Prep 5 mins
Cook 10 mins
Or you can call it 'blender broccoli cream soup.' Either way, it's delicious served either way: hot or cold. It's clean, healthy and delicious.
- 1 medium head of broccoli
- 1 teaspoon kosher salt
- 1 shallot, roughly chopped
- 1 tablespoon extra virgin olive oil
- 1 tablespoon butter
- 1 ounce sharp cheddar cheese, any sharp semisoft will do, I used a sharp Babybel
- 1⁄2 cup sour cream
- 1⁄2-1 cup whole milk
- salt and pepper
- Bring a pot of water, large enough to cover the broccoli, to boil with the kosher salt. Have a large bowl of ice water nearby. I don't chop the broccoli before I boil it because I do not enjoy the mess in the pot, but to each his own. Boil the broccoli until just tender - do not overboil. Mine took about 5 minutes. Stop the cooking and discoloration by lifting the broccoli with tongs and placing in the ice water.
- Turn your burner to medium or medium low, pour out the water and add the butter and olive oil. Add the shallot and cook until beginning to caramelize, about 5 minutes, stirring constantly. Adjust heat to prevent scorching. Set aside.

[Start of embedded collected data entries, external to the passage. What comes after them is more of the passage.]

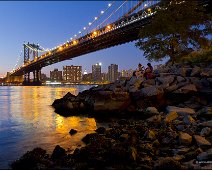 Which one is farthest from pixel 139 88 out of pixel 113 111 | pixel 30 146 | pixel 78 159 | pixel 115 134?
pixel 78 159

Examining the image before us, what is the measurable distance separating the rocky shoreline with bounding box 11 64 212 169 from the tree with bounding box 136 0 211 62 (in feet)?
17.3

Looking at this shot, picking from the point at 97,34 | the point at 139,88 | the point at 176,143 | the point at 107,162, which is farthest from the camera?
the point at 97,34

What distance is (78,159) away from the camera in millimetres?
7223

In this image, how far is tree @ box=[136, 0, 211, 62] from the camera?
71.4 ft

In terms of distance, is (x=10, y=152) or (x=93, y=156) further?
(x=10, y=152)

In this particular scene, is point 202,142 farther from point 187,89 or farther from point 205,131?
point 187,89

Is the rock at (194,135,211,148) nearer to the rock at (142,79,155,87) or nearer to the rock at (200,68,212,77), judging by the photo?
the rock at (200,68,212,77)

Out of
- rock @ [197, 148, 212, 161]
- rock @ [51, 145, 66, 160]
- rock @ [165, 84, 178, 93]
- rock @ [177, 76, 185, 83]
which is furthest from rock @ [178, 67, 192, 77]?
rock @ [51, 145, 66, 160]

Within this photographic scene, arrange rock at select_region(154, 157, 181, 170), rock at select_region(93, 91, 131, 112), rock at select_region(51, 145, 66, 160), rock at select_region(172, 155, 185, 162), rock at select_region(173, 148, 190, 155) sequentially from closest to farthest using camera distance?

- Drain the broccoli and roughly chop. Add the broccoli, cooked shallot, cheese, sour cream, and 1/2 cup whole milk to a glass blender. Begin to puree, and add more milk until it's a consistency you like. Mine was very thick and creamy. Some people may like it soupier. Salt and pepper to taste. If you're anything like me, you'll justify needing to taste it repeatedly before anyone else gets any.
- It will be lukewarm or cool at this point. So you can either serve as is, chill it, or warm it up in the pot you cooked the broccoli and shallot. Either way, it is rich and delicious. Also, you may like to thin it out with chicken stock after the first 1/2 cup of milk if that suits your taste or needs better.